Abstract:
A radial optical data interchange packaging comprises a central core; a plurality of central core photo transceivers emerging from an exterior side surface of the central core; a mother board coupled to the central core, wherein the mother board is perpendicularly oriented below and abutting the central core; a plurality of retention slots on the mother board, wherein the retention slots radially extend away from the central core; and a plurality of cards held by the retention slots, wherein each of the plurality of cards comprises a set of card photo transceivers that optically communicate with the central core photo transceivers.

Description:
BACKGROUND 
     The present disclosure relates to the field of computers, and specifically to computers having multiple circuit boards.
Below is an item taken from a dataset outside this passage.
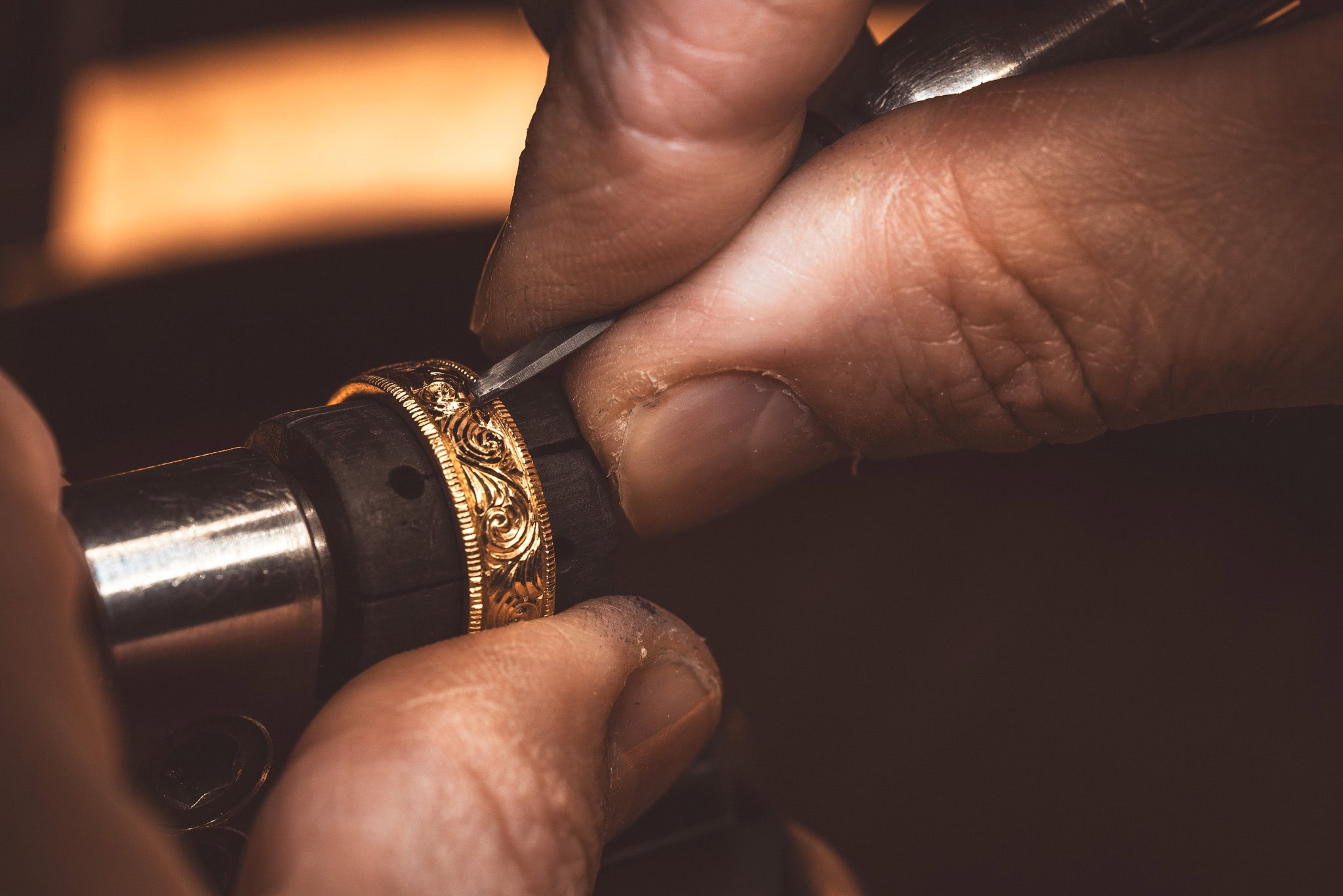 Auf dem Bild sieht man eine Hand, die eine Goldring graviert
Still more particularly, the present disclosure relates to communicatively coupling circuit boards in a computer system. 
     BRIEF SUMMARY 
     In one embodiment of the present disclosure, a radial optical data interchange packaging comprises a central core; a plurality of central core photo transceivers emerging from an exterior side surface of the central core; a mother board coupled to the central core, wherein the mother board is perpendicularly oriented below and abutting the central core; a plurality of retention slots on the mother board, wherein the retention slots radially extend away from the central core; and a plurality of cards held by the retention slots, wherein each of the plurality of cards comprises a set of card photo transceivers that optically communicate with the central core photo transceivers. 
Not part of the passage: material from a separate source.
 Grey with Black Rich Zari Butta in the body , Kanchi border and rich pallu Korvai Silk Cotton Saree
     In one embodiment of the present disclosure, an optical rack comprises a first mother board and a second mother board, wherein the first mother board is inter-coupled to the second mother board by a first central core and a second central core, and wherein the first mother board is perpendicularly oriented below and abutting the first central core and the second mother board is perpendicularly oriented below and abutting the second central core; a plurality of central core photo transceivers emerging from exterior side surfaces of the first and second central cores; a plurality of retention slots on the first and second mother boards, wherein the retention slots radially extend away from the first and second central cores; and a plurality of cards held by the retention slots, wherein each of the plurality of cards comprises a set of card photo transceivers that optically communicate with the central core photo transceivers on the first and second central cores. 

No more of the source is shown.